Grief-stricken Princess Beatrice was allowed to leave the court for one month. She returned and resumed her duty as her mother's faithful companion. Queen Victoria grew even more dependent, especially in dealing with correspondences.  The Queen also appointed her as her husband’s successor as  Captain-General and Governor of Isle of the Wight and Governor of Carisbrooke Castle, positions which she held until her own death. It was also by this time that the Queen became more considerate of Beatrice, giving her the Kensington Palace apartment which she occupied before she became queen and installing a darkroom at Osborne House to allow Beatrice to pursue her interest in photography.

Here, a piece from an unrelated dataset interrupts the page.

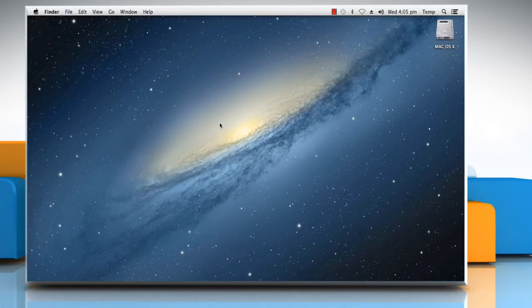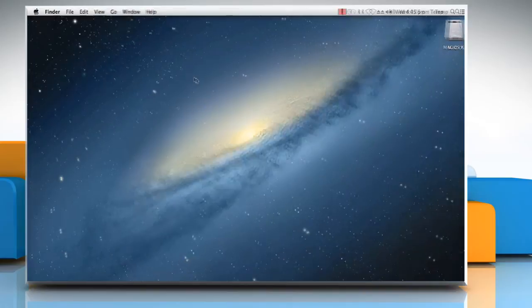Hi friends! Do you want to disable the Java Web plugin in the Safari browser on your Mac? Let's go ahead and see how you can do so.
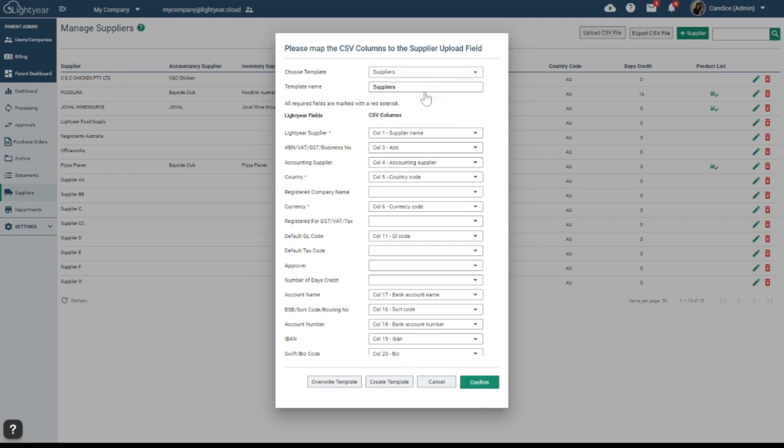So in future, you can simply select your template and it will pre-populate all these fields pre-mapped for you. So you can say goodbye to this tedious task.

Life after Queen Victoria’s Death

Beatrice’s life was shattered anew with the death of Queen Victoria on January 22, 1901.  “…You may imagine what the grief is. I, who had hardly ever been separated from my dear mother, can hardly realise what life will be like without her, who was the centre of everything," she wrote of her mother’s passing. Since she was not particularly close to the new king, Edward VII, Princess Beatrice was sidelined in her brother’s court. She also protested when the king decided to bequeathed Osborne House to the state.  Queen Victoria left her the much-smaller Osborn Cottage but with the estate now open to the public, Beatrice feared for her privacy, an issue that the king resolved when he extended the grounds of Beatrice’s home. Beatrice later sold Osborne House when she moved in to Carisbrooke Castle.

Queen Victoria’s Journals

Princess Beatrice, c1936. Image from Wikimedia Commons
After Queen Victoria’s death, Princess Beatrice set about transcribing and editing hundreds of volumes of her mother’s journals, a task that the Queen herself left to her youngest daughter. The former British monarch requested her to delete any private material or passage that could potentially hurt living people. The finished work was only a third of the original bulk of the journals, which distressed the helpless King George V and Queen Mary. The originals and the first drafts had all been destroyed along the process. The task Princess Beatrice thirty years to finish (1931) resulting to 111 blue notebooks kept in the Royal Archives at Windsor Castle.

Princess Beatrice died in her last home, the Brantridge Park in West Sussex, England, on October 26, 1944. She was 87 years old. She was first buried in the royal vault in St. George’s Chapel, Windsor Castle. A year later, her remains were transferred into a joint tomb, the same place where her husband was laid to rest, in St. Mildred’s Church, Whippingham.